→ **EXERCISE DESCRIPTION**: What is needed is the full listing written out exactly, minus the pictures.

→ **GIVEN DATA**:
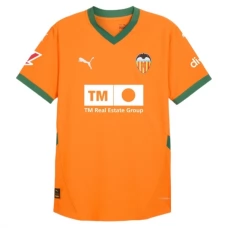 Valencia CF Tredjetrøje 2024-25 Fodboldsæt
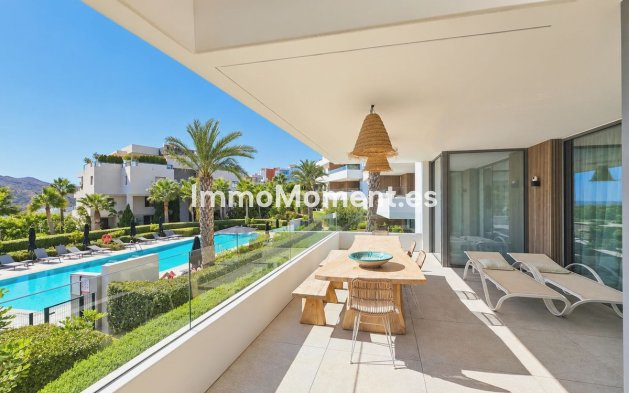 Reventa - Apartamento - Benahavís - Los Arqueros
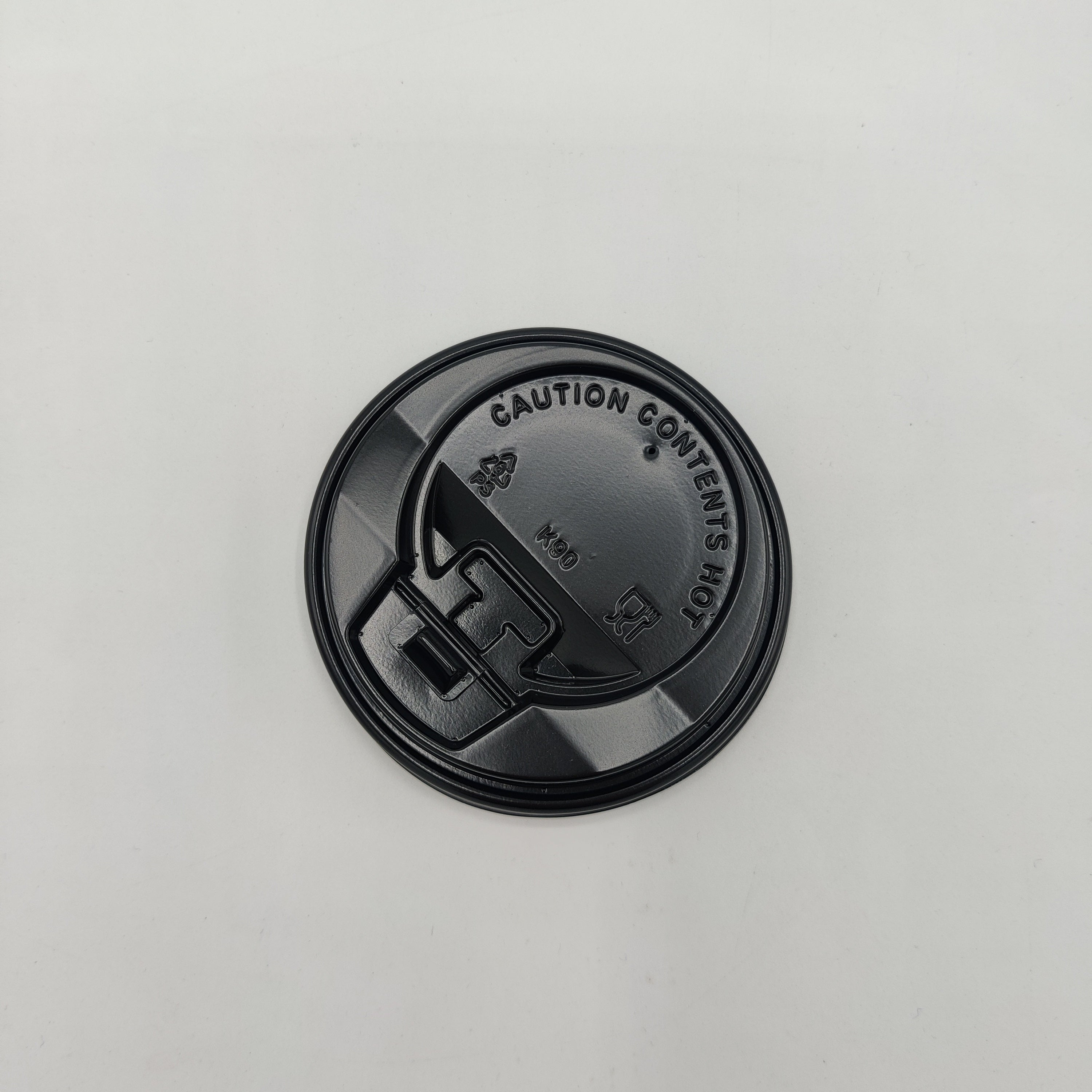 Tapa para Vaso (Negro)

→ **YOUR SOLUTION**:
 Valencia CF Tredjetrøje 2024-25 Fodboldsæt
 Reventa - Apartamento - Benahavís - Los Arqueros
 Tapa para Vaso (Negro)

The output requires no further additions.